Below is a sample of print the tool output during streaming.
Python
# previous steps to set up `chat`...
is_thinking = True
for response, chunk in chat.stream():
# View the server-side tool calls as they are being made in real-time
for tool_call in chunk.tool_calls:
print(f"\nCalling tool: {tool_call.function.name} with arguments: {tool_call.function.arguments}")
if response.usage.reasoning_tokens and is_thinking:
print(f"\rThinking... ({response.usage.reasoning_tokens} tokens)", end="", flush=True)
if chunk.content and is_thinking:
print("\n\nFinal Response:")
is_thinking = False
if chunk.content and not is_thinking:
print(chunk.content, end="", flush=True)
# View the tool output as they are being completed in real-time
for tool_output in chunk.tool_outputs:
if tool_output.content:
tool_call = tool_output.tool_calls[0]
print(f"\nTool '{tool_call.function.name}' completed with output: {tool_output.content}")
Using Responses API
In Responses API, different server-side tools will have different dedicated structures to host the tool arguments and the tool outputs,
e.g. web_search_call, code_interpreter_call, file_search_call, mcp_call. For more details, you will need to check the official Responses API specifications.

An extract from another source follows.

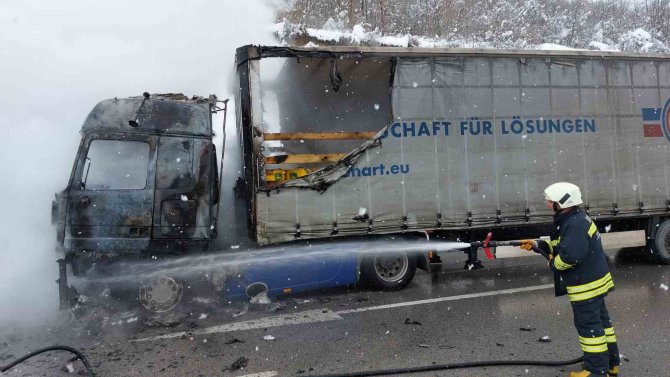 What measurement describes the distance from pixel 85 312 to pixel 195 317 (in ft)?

Here we use the code_interpreter as the example: scan through the response.output array and find the entries with the type of code_interpreter_call.
# previous step to generate the `response` ...
print(next(
output
for output in response.output
if output.type == "code_interpreter_call"
))Structured Outputs with Tools
You can also combine agent tool calling with structured outputs to get type-safe responses from tool-augmented queries.
For more details, consult the Structured Outputs with Tools section in the Structured Outputs guide.
Agentic Tool Calling Requirements and Limitations
Model Compatibility
- Supported Models:
grok-4,grok-4-fast,grok-4-fast-non-reasoning,grok-4-1-fast,grok-4-1-fast-non-reasoning - Strongly Recommended:
grok-4-1-fast- specifically trained to excel at agentic tool calling
Request Constraints
- No batch requests:
n > 1not supported - Limited sampling params: Only
temperatureandtop_pare respected
FAQ and Troubleshooting
I'm seeing empty or incorrect content when using agentic tool calling with the xAI Python SDK
Please make sure to upgrade to the latest version of the xAI SDK. Agentic tool calling requires version 1.3.1 or above.